(ME)(MORY) is a women’s group show curated by Dipti Anand, featuring nine artists with Subcontinental presences or origins, including Faiza Butt, Ruby Chishti, Anoli Perera, Bakula Nayak, Apnavi Makanji, Rakhi Peswani, Himali Singh Soin, Biraaj Dodiya, and Shrimanti Saha.
(ME)(MORY) sets a stage for interdisciplinary conversations around the nature of self- building by inviting empathetic and philosophical reflection on constructions of identity or experience. In this excerpt from her curatorial essay, Anand writes: “Since the self is as much remembered as it is present, its narrativization requires a sensitive and cross-sectional articulation of the self as ‘no longer’ and ‘not yet’ from where the ‘is’ emerges. The self-generating individual is a subject beset equally with conviction and vagaries, which are cognitively expressible in art, as in life, as symbol, as figure, as truth, as dream, as myth or as landscape. In (ME)(MORY), the artists approach the construction of these artworks as they might the construction of themselves, from a quasi-dream-like state, or an ecstasis, or states of overpowering emotion, seemingly shedding their exterior bodies for the visceral and whimsical world of within.” Interested in exploring the multi-sensory and multi-dimensional narratives of the self through world-building, memory, personal history, cultural consciousness and creative process, the show presents a perceptual collection of interpretations on the imagined or invented self, challenging the traditional literary genre of memoir by incorporating elements of possibility rather than just evidence.

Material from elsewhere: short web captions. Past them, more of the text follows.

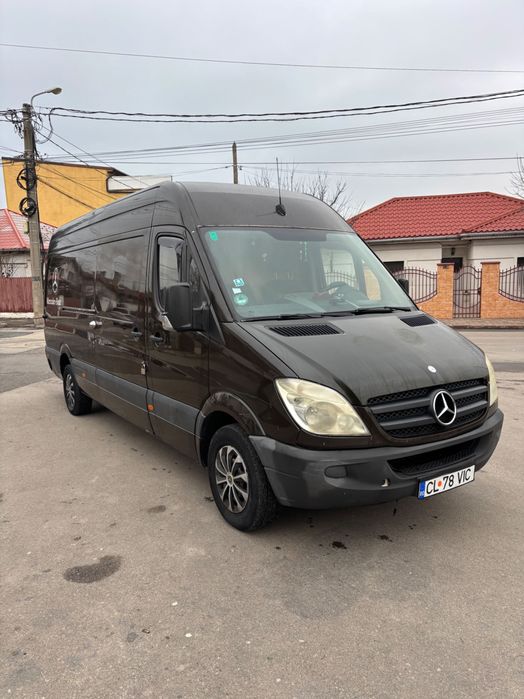 Mercedes sprinter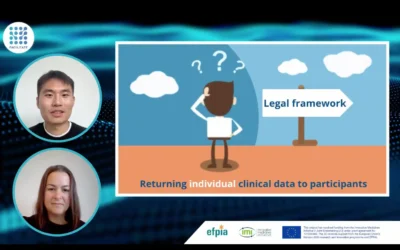 Don’t miss our last video podcast: The legal side of data return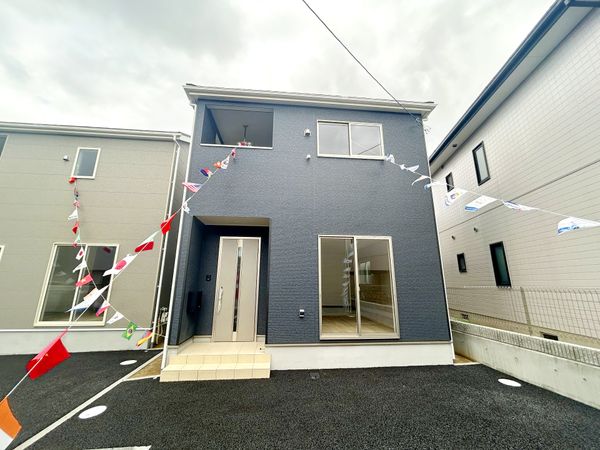 美鈴町4丁目 新築戸建 2号棟 外観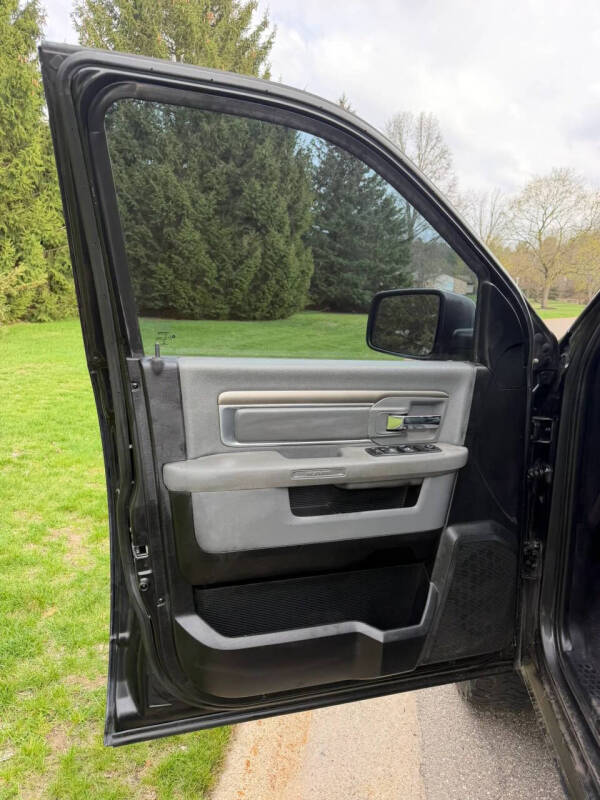 2016 RAM 1500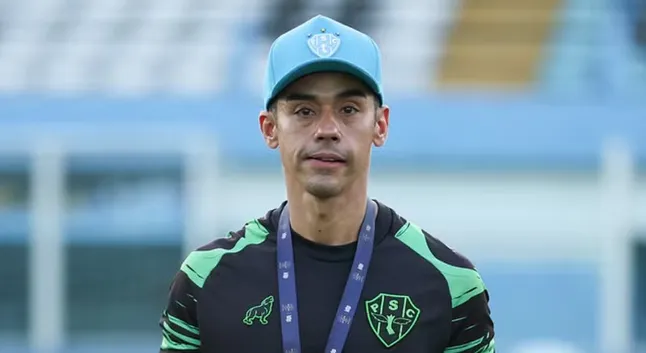 Interino do Paysandu projeta testes e avaliacao do elenco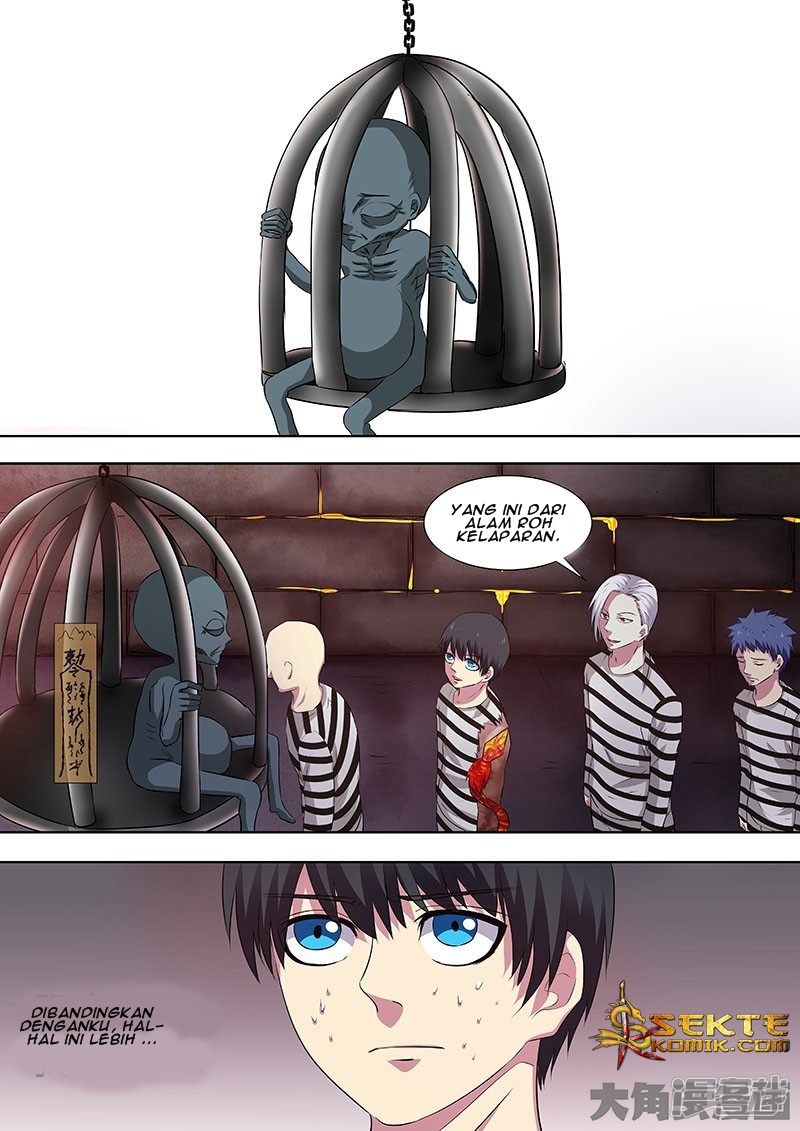 Purgatory Rebirth Chapter 56 Gambar 9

For Anand, textuality is philosophical currency, meaning she considers our relationships with ourselves and the world around us to be formed by the imaginative and interpretative effort of “reading”. She asks: “If we are to grasp ourselves and each other as bodies of knowledge, might we ask what is more real: a world that is seen, or a world that is felt?” As these artists undertake the great experiment of the self, assembling narratives that are as rooted in fact as they are in fiction, Anand encourages us to embrace our engagement with aesthetic practices while surrendering our expectations of re-constructing the context in which the work of art is made – a prompting that brings artists and viewers closer to themselves, and in so acting, each other as well.
The show presents a significant body of work from each artist, with a notable diversity across media and materials, visual languages, techniques and creative intentions. Where Himali Singh Soin’s sensory and algorithmic assessment of the semi-colons used in Virginia Woolf’s novel The Waves is an immersive project exploring our relationships with continuity and macrocosms, Ruby Chishti’s representational sculptures are refurbished personal memories borne of contextual circumstances then extrapolated to larger, shared experiences. Rakhi Peswani’s fabric panels are an exposition of the inner theatre of creativity and the tediousness of channeling self-expression into skill, which offer a temporal counterpoint to Bakula Nayak and Apnavi Makanji, whose post-inspiration drawings are a figural self-study of the inter-dependent emotional–physical body and an erasure of inflated values in anthropocentric human forms respectively. Meanwhile, Biraaj Dodiya’s series of oil paintings are abstracted landscapes that mirror an unknown world navigated by intuition rather than vision, a sensibility Faiza Butt shares in intermingling narratives across intense global cultures with autobiographical elements in her ceramic and porcelain sculptures. Inspired by varying disciplines, cultural consciousness and histories of myth and reality, Shrimanti Saha’s writerly art practice endeavours to establish a unique yet interpretable self-identity, and such inspiration from books finds structural connectivity in Anoli Perera’s book art, which is imbued with a selective memory that tethers one to chains of personal–historical moments. Together, these works of art express the concerted as well as intuitive effort of reading oneself in the world, exploring acts of self-construction at various stages of cognition and through varied contextual inclinations.